RCC 17 april 2012, dossiernr. 2011/01271 (De Rijnpost en meer- Code VOR)

Klager heeft zijn brievenbus voorzien van een NEE/JA-sticker. Desondanks heeft hij samen met De Rijnpost op 2 november 2011 ook daarin het “City Jounaal Veenendaal”, op 23 november 2011 folders van Burger King en Game Mania, op 25 november 2011 “Autostad” en op 2 december 2011 “Kijk op wonen” ontvangen.

Moet huis-aan-huisblad De Rijnpost samen met de andere uitgaven per geval als één geheel moeten worden beschouwd? En zo ja, of dit geheel in elk van die gevallen kan worden aangemerkt als een huis-aan-huisblad?

De commissie oordeelt dat City Journaal Veenendaal, Autostad en Kijk op Wonen kunnen worden aangemerkt als huis-aan-huisblad (als bijlage bij De Rijnpost) en dus als één geheel moet worden beschouwd. De losse folders dienen te worden aangemerkt als op zichzelf staande ongeadresseerde reclamedrukwerken, en betreft dit laatste wordt een aanbeveling gedaan.

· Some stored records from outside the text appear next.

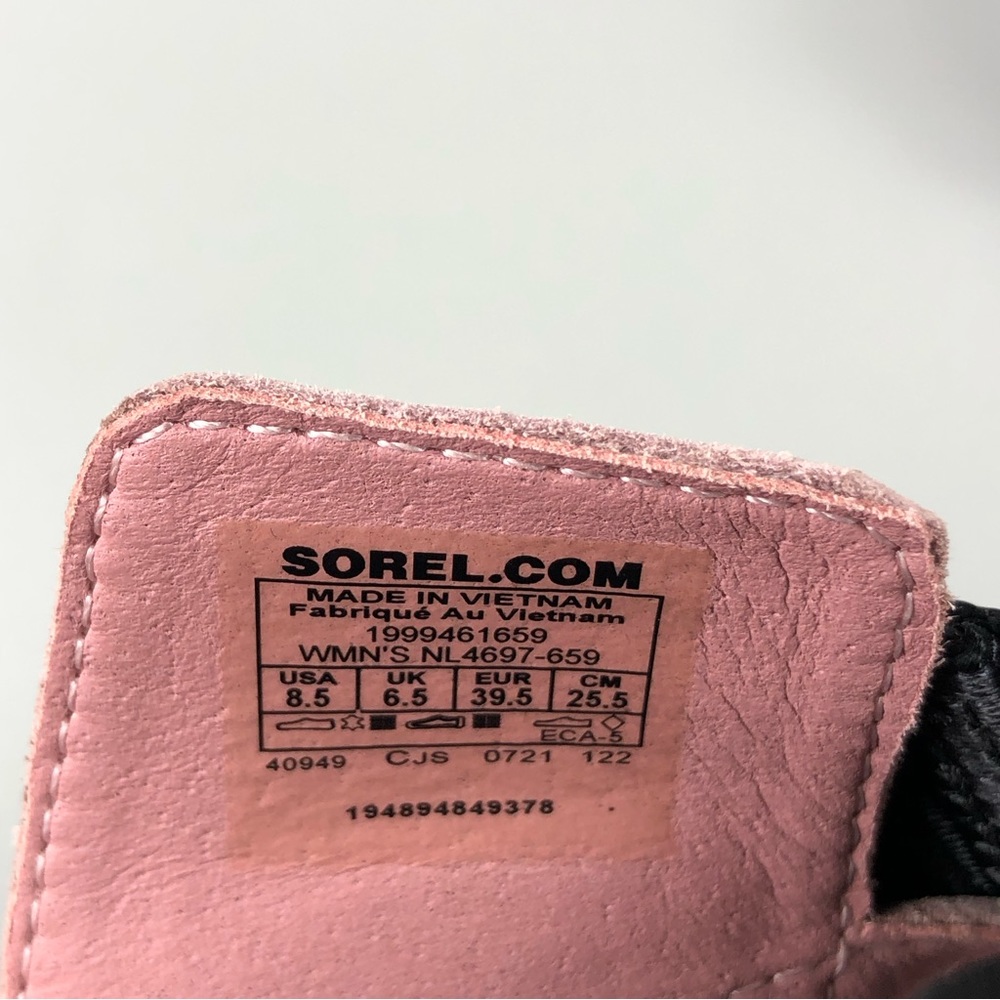 Sorel Women’s Kinetic Impact Slingback Sandals - Picture 15 of 16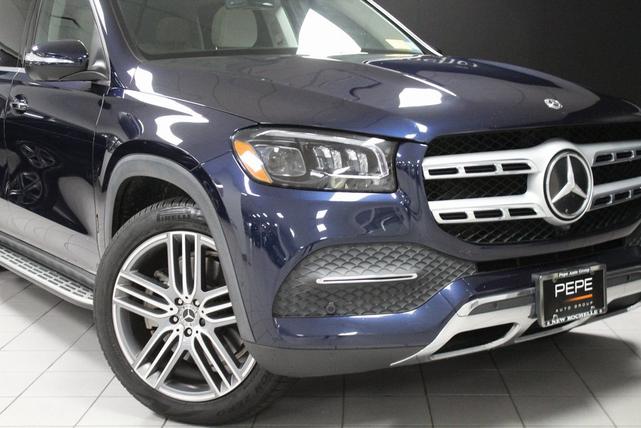 2021 mercedes-benz gls 450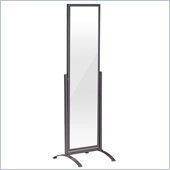 ZUO Xert Modern Mirror in Gray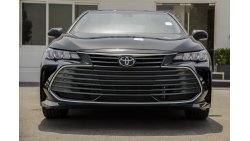 Toyota Avalon 2020/FULL/EXPORT
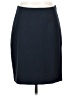The Limited Solid Blue Formal Skirt Size 2 - photo 1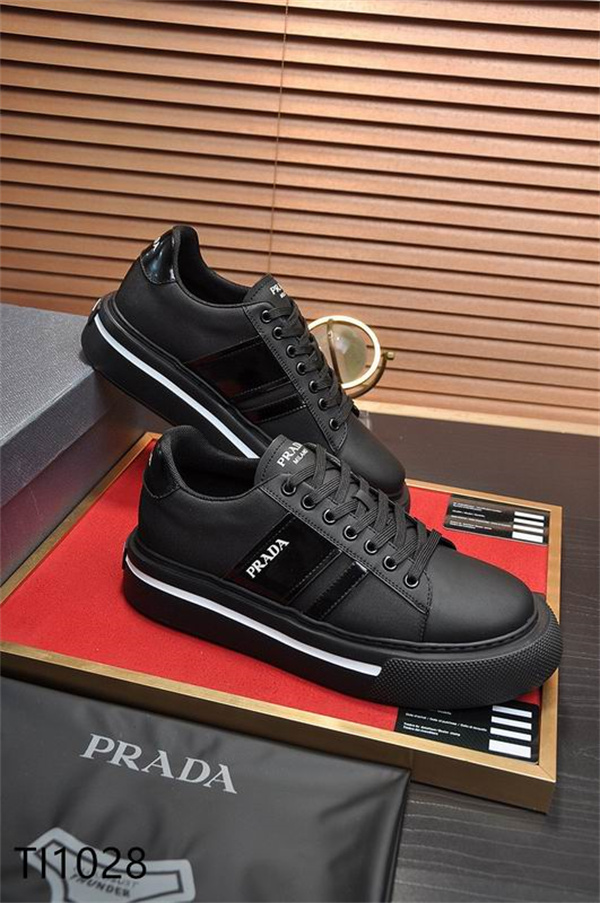 Prada(AAA)shoes-M-662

3) In de eerste plaats blijkt uit de uiterlijke opmaak van deze bijlagen reeds dat deze een geheel vormen met De Rijnpost. De pagina’s van de bijlagen hebben dezelfde grootte en zijn op hetzelfde papiersoort gedrukt als de pagina’s van de krant. De paginanummering loopt door in de bijlagen, ook in de gevallen dat pagina’s van de bijlagen niet (zichtbaar) genummerd zijn. Op grond van het voorgaande dient de klacht, voor zover deze betrekking heeft op de uitgaven “City Journaal Veenendaal”, “Autostad” en “Kijk op wonen” bij De Rijnpost, te worden afgewezen.

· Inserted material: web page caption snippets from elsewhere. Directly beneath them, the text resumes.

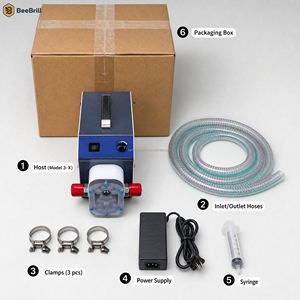 900-1000L/h Honig-Transferpumpe für Imkereien, Kompakte Honigpumpe - Product Image 4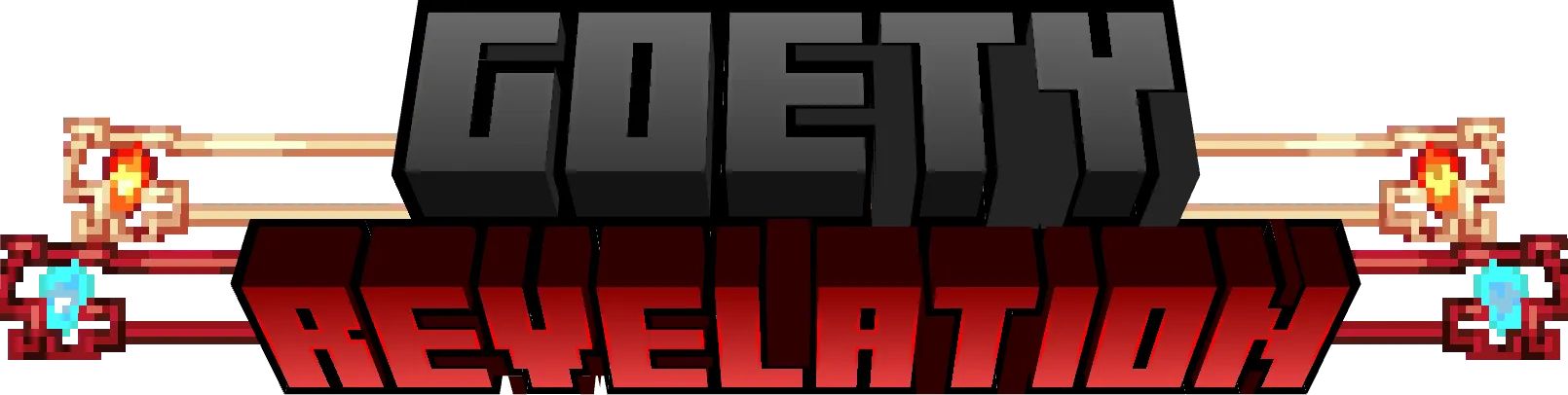 Goety Revelation, Моды, Minecraft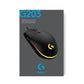 Logitech G203 Lightsync Mouse Gaming PC/Myszy gamingowe Your Sports Performance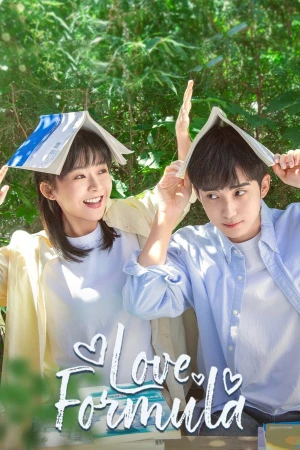 Poster phim Phương Trình Tình Yêu (Love Formula) - 2025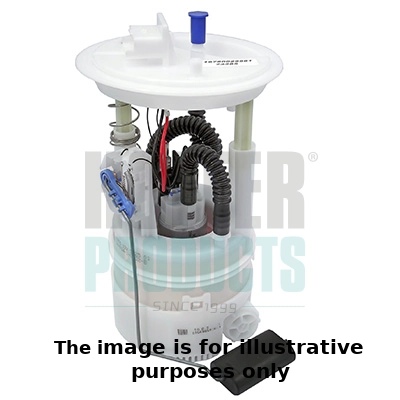 Fuel Feed Unit (WG1905247)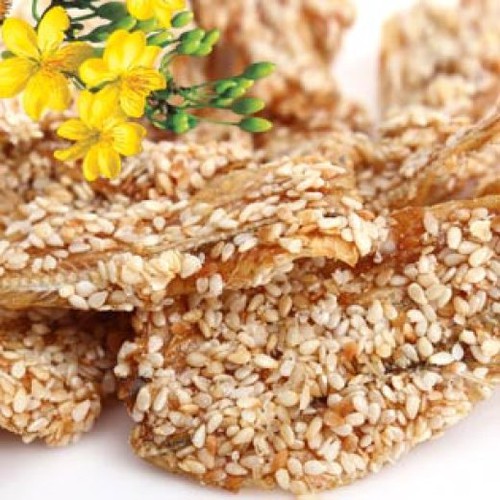 0.5 KG KHÔ CÁ MAI RÚT XƯƠNG , RẮC MÈ THƠM NGON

4) Voor wat betreft de folders van Burger King en Game media is gebleken dat deze, ook volgens afzender, dienen te worden aangemerkt als op zichzelf staande ongeadresseerde reclamedrukwerken in de zin van de Code Verspreiding Ongeadres­seerd Reclame­druk­werk (Code VOR). Dit drukwerk had derhalve niet in een van een "NEE/JA-sticker" voor­ziene brievenbus mogen wor­den gedeponeerd. Afzender heeft door deze folders in de brievenbus van klager te deponeren artikel 3.1 Code VOR overtreden.

RB 1133

Geopende post

Vz RCC 15 september 2011, dossiernr. 2011/00775 (Geopende post)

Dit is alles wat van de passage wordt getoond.